# Happy Birthday, John Calvin!



## VirginiaHuguenot (Jul 10, 2007)

Happy birthday, John Calvin! Today is his 498th. Only two more years til the big quincentenary celebration.


----------



## caddy (Jul 10, 2007)

^
Calvin looks quite festive I must say!


----------



## Semper Fidelis (Jul 10, 2007)

That's awesome!

Did you make that Andrew?


----------



## VirginiaHuguenot (Jul 10, 2007)

SemperFideles said:


> That's awesome!
> 
> Did you make that Andrew?



Nope, I borrowed it for this special occasion. (HT: Jeff Bartel)


----------



## BobVigneault (Jul 10, 2007)

Get out your party hats and your "Insti"-toots and we're gonna party like it's 1509. Get down wid your bad self!


----------



## govols (Jul 10, 2007)

BobVigneault said:


> Get out your party hats and your "Insti"-toots and we're gonna party like it's 1509. Get down wid your bad self!



Uh, dearest sir, why arst thou so negative toward oneself? Why wouldst thou callest thyself bad? Have thou done something wrong? Must thou repent?


----------



## caddy (Jul 10, 2007)

...is that Prince I hear in the background? 



BobVigneault said:


> Get out your party hats and your "Insti"-toots and we're gonna party like it's 1509. Get down wid your bad self!


----------



## BobVigneault (Jul 10, 2007)

govols said:


> Uh, dearest sir, why arst thou so negative toward oneself? Why wouldst thou callest thyself bad? Have thou done something wrong? Must thou repent?



According to the birthday boy we should say, "Get down wid yer totally depraved self".

Don't think that King James english is going to hide that Robert Schuller "Positive" theology you're implying.


----------



## govols (Jul 10, 2007)

BobVigneault said:


> According to the birthday boy we should say, "Get down wid yer totally depraved self".
> 
> Don't think that King James english is going to hide that Robert Schuller "Positive" theology you're implying.





Don't think they would comprehend calling yourself bad and not actually meaning it.


----------



## CalvinandHodges (Jul 10, 2007)

Happy B-day Monsieur Calvin!


----------



## etexas (Jul 10, 2007)

That Cat looks really good for his age!


----------



## CatechumenPatrick (Jul 10, 2007)

That picture is one of the sweetest things I have ever seen...
Isn't there something scheduled for Calvin's 500th birthday?


----------



## Ivan (Jul 10, 2007)

CatechumenPatrick said:


> Isn't there something scheduled for Calvin's 500th birthday?



Good question. There *must* be something! Does anyone know?


----------



## VirginiaHuguenot (Jul 10, 2007)

Ivan said:


> Good question. There *must* be something! Does anyone know?

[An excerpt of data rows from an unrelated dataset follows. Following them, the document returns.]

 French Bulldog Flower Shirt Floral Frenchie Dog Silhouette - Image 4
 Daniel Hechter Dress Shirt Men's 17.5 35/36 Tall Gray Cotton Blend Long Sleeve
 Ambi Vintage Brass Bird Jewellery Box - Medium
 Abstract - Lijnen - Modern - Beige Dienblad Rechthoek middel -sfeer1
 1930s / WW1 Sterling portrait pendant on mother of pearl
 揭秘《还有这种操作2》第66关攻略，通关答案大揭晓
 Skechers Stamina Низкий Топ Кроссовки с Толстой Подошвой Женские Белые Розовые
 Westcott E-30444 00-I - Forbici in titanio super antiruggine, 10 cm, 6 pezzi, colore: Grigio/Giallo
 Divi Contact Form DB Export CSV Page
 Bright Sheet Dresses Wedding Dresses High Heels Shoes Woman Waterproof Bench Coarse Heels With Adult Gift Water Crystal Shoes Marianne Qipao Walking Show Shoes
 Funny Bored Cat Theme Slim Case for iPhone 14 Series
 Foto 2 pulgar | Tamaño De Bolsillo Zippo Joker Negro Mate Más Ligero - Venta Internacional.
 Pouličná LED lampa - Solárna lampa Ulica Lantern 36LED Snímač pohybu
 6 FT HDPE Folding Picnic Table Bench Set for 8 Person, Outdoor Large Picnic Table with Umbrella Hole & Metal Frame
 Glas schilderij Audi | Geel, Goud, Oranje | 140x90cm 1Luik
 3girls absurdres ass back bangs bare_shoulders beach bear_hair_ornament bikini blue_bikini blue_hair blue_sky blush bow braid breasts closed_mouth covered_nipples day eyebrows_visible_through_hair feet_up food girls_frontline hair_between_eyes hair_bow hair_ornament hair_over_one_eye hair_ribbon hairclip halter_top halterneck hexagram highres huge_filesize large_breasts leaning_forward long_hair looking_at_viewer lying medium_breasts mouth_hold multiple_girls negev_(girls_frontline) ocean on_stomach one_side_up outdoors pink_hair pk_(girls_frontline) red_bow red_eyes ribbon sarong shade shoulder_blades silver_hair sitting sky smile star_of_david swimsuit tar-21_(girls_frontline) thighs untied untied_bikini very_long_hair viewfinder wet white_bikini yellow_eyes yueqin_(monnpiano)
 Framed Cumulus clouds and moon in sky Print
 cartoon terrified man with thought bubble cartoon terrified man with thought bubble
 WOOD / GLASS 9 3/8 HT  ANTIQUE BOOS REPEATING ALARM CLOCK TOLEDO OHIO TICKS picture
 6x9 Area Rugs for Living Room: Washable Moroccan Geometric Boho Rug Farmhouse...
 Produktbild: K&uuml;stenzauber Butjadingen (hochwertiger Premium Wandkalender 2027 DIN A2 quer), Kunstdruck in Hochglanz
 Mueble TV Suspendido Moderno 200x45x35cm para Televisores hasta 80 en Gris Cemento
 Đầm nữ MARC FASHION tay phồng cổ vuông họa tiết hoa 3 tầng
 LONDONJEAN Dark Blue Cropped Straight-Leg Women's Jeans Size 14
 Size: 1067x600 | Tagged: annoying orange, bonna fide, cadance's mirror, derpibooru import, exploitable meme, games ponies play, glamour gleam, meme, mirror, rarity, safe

Check out the link in the first post of this thread.


----------



## Ivan (Jul 10, 2007)

Ah...yes...thank you.


----------



## bookslover (Jul 10, 2007)

CatechumenPatrick said:


> That picture is one of the sweetest things I have ever seen...
> Isn't there something scheduled for Calvin's 500th birthday?



Speaking of pictures, Patrick, you're looking WAY TOO MUCH like Cat Stevens. Gonna have to report you to the relevant authorities...just as soon as I figure out who they are.


----------



## CatechumenPatrick (Jul 11, 2007)

bookslover said:


> Speaking of pictures, Patrick, you're looking WAY TOO MUCH like Cat Stevens. Gonna have to report you to the relevant authorities...just as soon as I figure out who they are.



To be honest, I did not know who Cat Stevens was until you said this and I looked him up online. After seeing his pictures, and his sweet beard, I thank you for the compliment!


----------